DBT comes with a number of model materializations, but our common pipeline run pattern is unfortunately not represented in them. Most of Data Platform foundational datasets are produced on well-defined time boundaries. Daily datasets contain only data relevant to the actual date they represent. Weekly datasets contain the 7 days worth of data ending with the dataset date they represent. Ditto for monthly and yearly datasets.
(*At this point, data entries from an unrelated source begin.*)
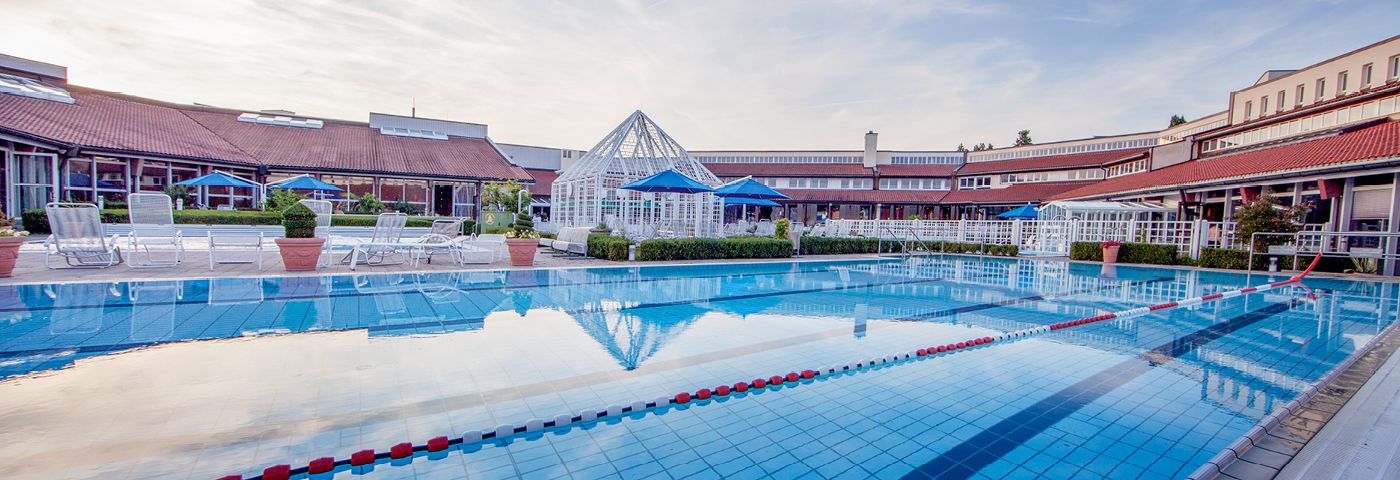 limes-therme-thermalbad-aussenbereich-slider_©Limes-Therme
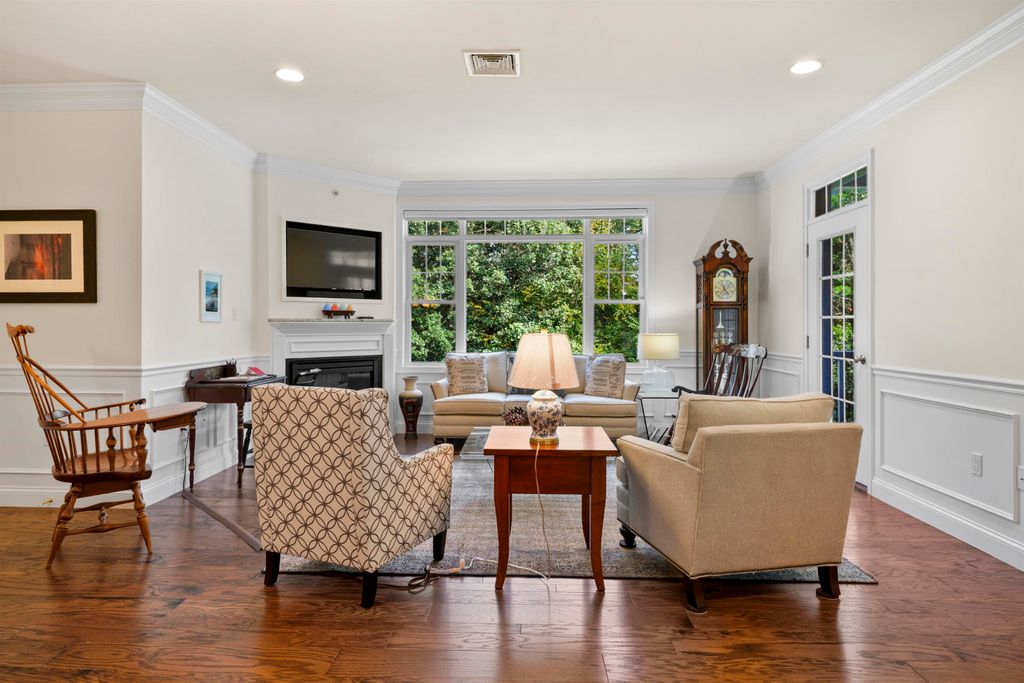 5 Sterling Hill Ln Apt 545, Exeter, NH 03833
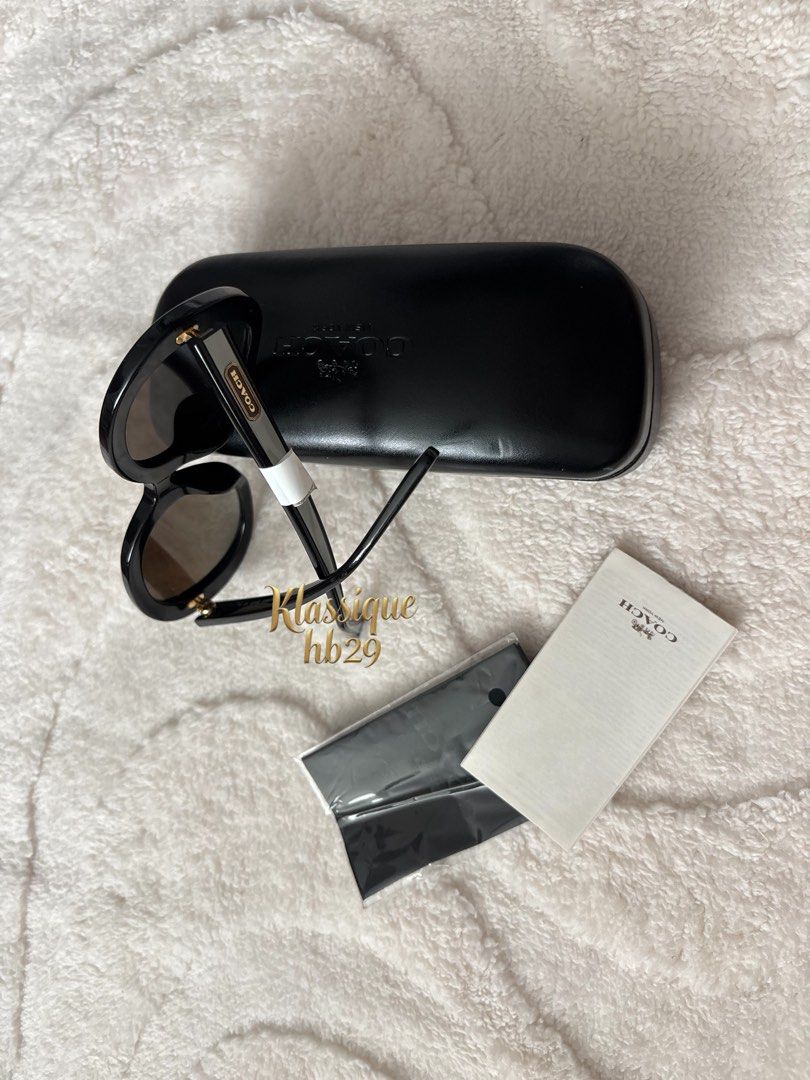 Coach Olive Gardient (Category: Sunglasses & Eyewear) located in Lipa City. Submitted by klassique_handbags (Listing ID 1464470281, Image 3). Description: ✅Available✅ ❤️Coach Olive Gardient❤️ Preowned of mine Coach 7992 Bought in 🇱🇷 Small - med face 💯original sf not included courier Lbc📦 Perfect for casual use & travel looks Rfs No longer using this😊 (3,800) php Disclaimer: All trademarks, logos, and brand names mentioned or used in our prod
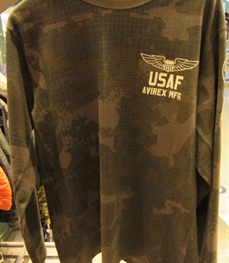 市场上装-T恤-（实拍）时尚男装t恤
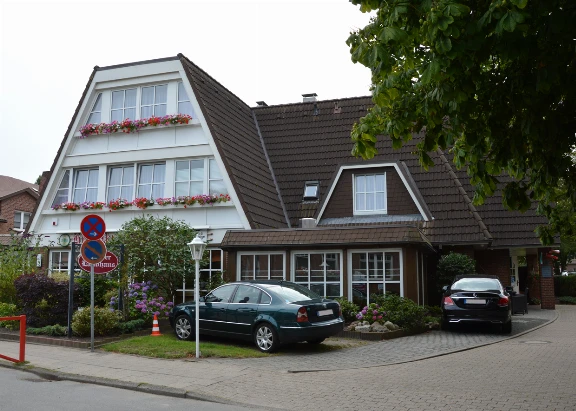 Blick auf das Hotel Duhner Landhaus vom Sahlenburger Weg, Duhnen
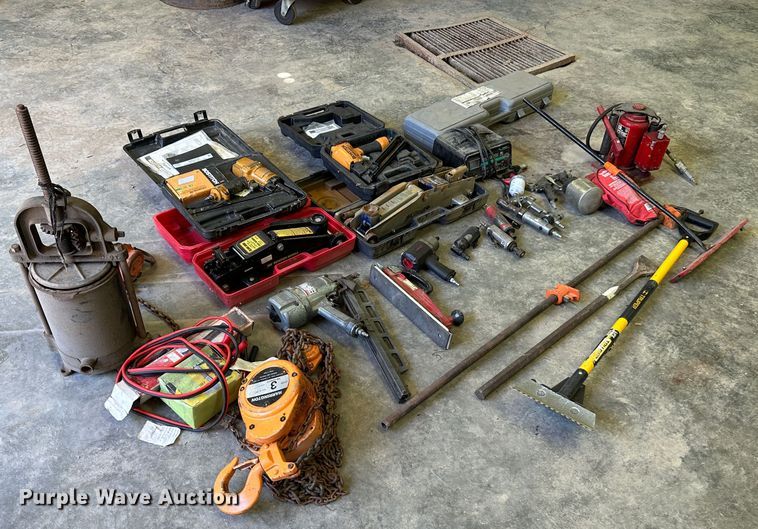 image for item MB9718 Tools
The DBT materialization type closest to our usage pattern is the incremental materialization, but it selects time chunks of data starting at the last successful run (whenever that might have been) and ending at the current time, causing dataset results that are up to date but are not bounded by uniform time intervals.
Fortunately, DBT supports user-created custom materializations.
Create a custom DBT materialization that supports our hourly, daily, weekly, monthly and yearly usage patterns through user-provided start and end date/time stamps.
Done is these items provided in dbt-jobs macro library:
- A custom DBT materialization named wmf_timebound (NOTE: Any better naming suggestions would be very much appreciated)
- A required materialization configuration key named frequency that accepts values of [hourly, daily, weekly, monthly, yearly]
- Required execution_date type of variable that functions like end_date in our current pipelines.
- A way of configuring the handling of the date/time column(s) in the query source. This part will probably be tricky since our datasets vary a lot in how they represent dates - various naming conventions, column types, and dates could sometimes even be broken into multiple columns.